- TASK BRIEF -
An exact, complete copy of the data that follows is needed.

- RAW DATA -
______________________________
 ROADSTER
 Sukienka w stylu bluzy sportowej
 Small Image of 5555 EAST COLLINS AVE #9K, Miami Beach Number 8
______________________________
- RESULT -
 ROADSTER
 Sukienka w stylu bluzy sportowej
 Small Image of 5555 EAST COLLINS AVE #9K, Miami Beach Number 8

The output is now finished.